Our last quarterly column here was about 2023 being a year of unpredictability for markets, and perplexity for investors. We had changed our positioning to become a bit more defensive, after a very strong first half of the year. Indeed, the third quarter has been holistically negative, and October, which just ended, is no better: except for short term money markets, up +0.4%, and gold, up 7%, all major asset classes delivered negative monthly returns.  

No doubt, the sentiment has turned. Just a few months ago, there was a very strong consensus for an almost perfect “soft-landing” scenario, combining a resilient global economy with a gradual normalization of inflation, allowing central banks to pause before, ultimately, becoming investors’ best friends again. 

The message from markets is now different. At almost 5%, the US 10-year Treasury yield is more than a full percentage point higher than at mid-year, and it is true for pretty much all maturities. Higher “risk-free” yields command lower equity multiples: global stocks are down -10% on average from their summer high.  

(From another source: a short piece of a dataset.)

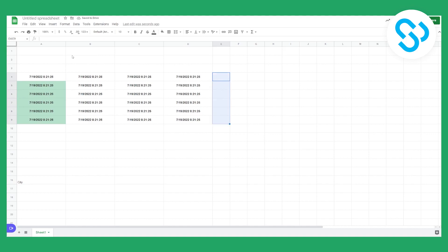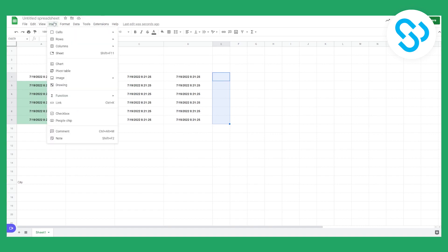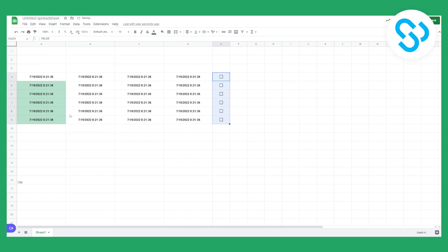What we can do is go to Insert and then go to Checkbox. This is simply how to do it. It's really easy.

But are these yields really “risk-free”? Between the recent downgrade of US government debt rating by Fitch, the abysmal depth of budget deficits, and the political dissensions in Washington, a growing number of investors are questioning this status and the sustainability of government debts in general. As exacerbated geopolitical tensions are fueling risk aversion, and as bonds are not playing their usual role of safe haven (leaving it to gold), investors are looking at a future threatened by fears of escalation, tight financial conditions with high interest rates and strong dollar, and high energy prices. 

No doubt, it’s not difficult to be pessimistic. The BoA fund manager survey shows that fund managers keep a record level of cash on the side, and their bull/bear indicator is at 1.5 on a scale from 0 to 10. 

  Now, let’s have a cold look at the facts, starting with global growth. It is not bright, it shows divergences, but it is certainly not that bad. The world’s largest economy is becoming even larger: US real GDP grew at a stellar +4.9% annualized rate in the third quarter, which is, in current dollar terms, more than 8% given the level of inflation. Leading indicators for October show some deceleration, especially in manufacturing activities, but no collapse.  

By contrast, Europe is weak, flirting with recession: Eurozone GDP contracted in Q3, and PMIs are weak.  But Asia is getting better: China is stabilizing, and the recent unexpected announcement of a one trillion yuan fiscal stimulus plan should support growth in 2024. Korea industrial production surprised on the upside with a strong tech impulse, and so did GDP growth in Taiwan in the third quarter– at a very impressive +10% annualized. The big picture for growth is not booming, it shows divergences and downside risk, but it is not terrible. 

Inflation remains too elevated for central banks, no doubt. But the trend of prices is encouraging. US core inflation was below 3% annualized in Q3. In Europe, as activity slows, inflation is clearly trending lower. China does not have any inflation issue. Western central banks are not hiking anymore. The Fed kept rates unchanged for the second straight time this week, with hints from the press conference that they may be done. The ECB did the same last week as did the Bank of England on Thursday. 

Finally, corporate earnings are overall clearly above expectations in the US, by a wide margin (around +8% against consensus). Europe is less impressive, but earnings are certainly not alarming: they are overall in line with expectations. Japanese exporters are enjoying a weaker yen, and companies from emerging markets are overall dealing very well with the macro environment.  

Of course, future earnings will heavily depend on future economic activity, with a wide range of possibilities. But the current market action seems to be a bit too dark, with all asset classes in the red. In case of a global recession, cyclical assets could suffer, but safe bonds should do well, excluding the highly improbable scenario of major countries going bankrupt. Inflation would collapse, central banks would cut rates, and after a correction, stock markets could be on track to recover. Should global growth remain resilient, investors should enjoy the income from bonds, and be more confident in the current equity valuation multiples as earnings would continue to grow. There are only two very adverse scenarios affecting all asset classes, and hopefully their probability is very low: a material reacceleration of inflation, out of control, or a massive geopolitical deterioration.  

Unpredictability, the theme of our 2023 Global Investment Outlook, remains the name of the game for the year. We are not saying that there is no shortage of concerns. But in front of them, between resilient growth, a more cautious stance from central banks, better valuations for most asset classes, and investors’ sentiment being clearly bearish, we definitely recommend remaining diversified and patient, with a balance between the income from safe sources and the growth exposure from risk assets. Investing is a long-term game, and pessimism is not always a bad thing.